Prior to trial, we attempted to reach a settlement with State Farm Insurance Company for Mr. Spoelstra. Mr. Alamillo had an insurance policy with State Farm for $100,000 worth of coverage limits. We were surprised when State Farm refused to pay any more than $62,000 to settle Mr. Spoelstra’s claims. Because Mr. Spoelstra’s medical bills from the collision were nearly $40,000, the idea of settling for $62,000 was unacceptable for Mr. Spoelstra and our office. State Farm took such a stingy position in settlement negotiations because there had been a run of cases in Colorado where juries had not awarded significant money to victims of drunk driving. Consequently, State Farm felt that Mr. Spoelstra’s case would be a good test to see if a Denver jury would care about the injuries and losses suffered by an out-of-state resident like Mr. Spoelstra at the hands of their intoxicated insured.

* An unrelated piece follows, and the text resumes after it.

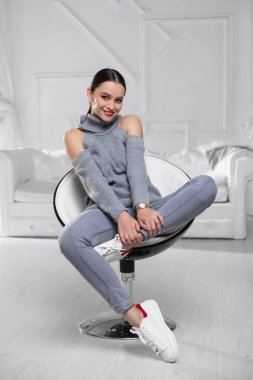 Gri bir kazak ve kotla stüdyoda poz veren güzel bir esmer.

On December 17, 2017, I began the trial of Spoelstra v. Alamillo with my law partner, Ethan McQuinn, in the Denver District Court. The trial lasted four days. At the end of the trial, the jury awarded Mr. Spoelstra $39,000 for medical expenses, $130,000 for non-economic damages (pain and suffering), $126,000 for permanent physical impairment, and $150,000 in punitive damages. Factoring in an interest rate of 9%, Mr. Spoelstra’s verdict is in excess of a half million dollars.
Mr. Spoelstra had the courage to stand up to State Farm, a large insurance company, and tell them that drunk driving is unacceptable and should not be tolerated by the citizens of Colorado. At Anderson, Hemmat & McQuinn, we applaud Mr. Spoelstra for having the courage to allow us to put everything on the line to tell his story and to ask a jury for justice on his behalf.
This is why the jury system is so important. State Farm was gambling that Denver, Colorado citizens would not give full and fair compensation to Mr. Spoelstra, but they were wrong. As a juror, you hold the power to set community safety standards, because next time, it could be you or your family that is injured by a drunk driver. The jury system is what keeps insurance companies from unilaterally deciding the value of your harms and losses. We hope that Mr. Spoelstra’s story will encourage other victims to stand up for their rights.